24 novembre 2007
Sergio Leone: il  “padre” dei il western all’italiana
Raffaele Pacifico

 

 

 

Circolano leggende vere e proprie sul rapporto tra Sergio Leone e le persone che lavoravano accanto a lui.

La sua puntigliosità e la sua ostinazione lo portarono a scontri furiosi con diversi suoi collaboratori: da Age e Scarpelli, co-sceneggiatori di Il buono, il brutto, il cattivo, a Eli Wallach, attore nello stesso film, per arrivare allo sceneggiatore Luciano Vincenzoni.
Il fatto è che Leone aveva le idee estremamente chiare sul risultato che voleva ottenere.

Passava ore con gli sceneggiatori a mimare ciò che doveva accadere in ogni scena: dava indicazioni precisissime agli attori, interpretando personalmente tutte le parti finché non riusciva a far capire loro come doveva essere il personaggio.

L'impresa era resa ancor più difficile dal fatto che quasi tutti i suoi attori principali erano americani, e Leone non spiccicava una parola di inglese.
Ogni scena veniva ripetuta un numero impressionante di volte.

Si girava con la colonna sonora come sottofondo: la musica era talmente narrativa, talmente compenetrata all'azione, che le scene non potevano esistere prima di essa. Ennio Morricone la componeva basandosi sulle indicazioni del regista: Leone gli descriveva le scene, i temi, le situazioni a cui la musica doveva essere legata, e Morricone scriveva.

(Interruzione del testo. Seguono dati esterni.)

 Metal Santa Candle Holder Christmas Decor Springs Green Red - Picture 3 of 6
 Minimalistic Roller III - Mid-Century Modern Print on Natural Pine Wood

Almeno una dozzina di motivi venivano proposti e scartati, non perché fossero brutti, ma perché non rispondevano appieno all'idea che Leone voleva esprimere.

Era stonato come una campana, ma sapeva esattamente cosa voleva, anche in fase di registrazione, e non si fermava finché non l'aveva ottenuto.
Morricone non andava mai sul set.

Accadde, in occasione dell'uscita C'era una volta il West, che addirittura vedesse il film per la prima volta soltanto all'anteprima ufficiale.

Il film doveva cominciare con una scena piuttosto lunga, che occupava due interi rulli di pellicola, e per la quale Morricone aveva scritto una colonna sonora.
Le luci calarono e la proiezione ebbe inizio.

I due fatidici rulli cominciarono a scorrere sullo schermo.
In silenzio.
Gli unici suoni che li accompagnavano erano il cigolio continuo di un pozzo e il ronzio di una mosca.

Morricone cercò invano nel buio della sala lo sguardo del regista.
Alla fine della proiezione, la folla defluì in una sala contigua.

Per ultimo si mosse Morricone, e si fermò sulla porta.
Dall'altra parte della sala, Sergio Leone, che stava discorrendo con alcuni ospiti, lo vide.
Fermo sulla soglia, senza dire una parola, il musicista lo fissò negli occhi.
Il cicaleccio della gente diminuì di intensità trasformandosi in un bisbiglio preoccupato. Chi si trovava nel centro della sala, tra i due, si affrettò a spostarsi di lato.
Lo spazio che divideva Morricone dal regista rimase completamente vuoto.

Il compositore avanzò di un passo, senza staccare gli occhi da quelli di Leone.
Il regista sostenne lo sguardo, mentre appoggiava lentamente sul tavolo vicino il bicchiere di spumante che aveva in mano e stendeva le braccia lungo i fianchi poderosi, sfiorando con le dita i passanti della cintura.
Ci sarebbe voluto un sigaro, da poter sfilare dalle labbra prima di parlare.

In mancanza di questo, Morricone optò per aggiustarsi gli occhiali sul naso.

"Sergio", disse con voce profonda, "in quei due rulli, adesso, c'è la migliore musica che abbia mai composto".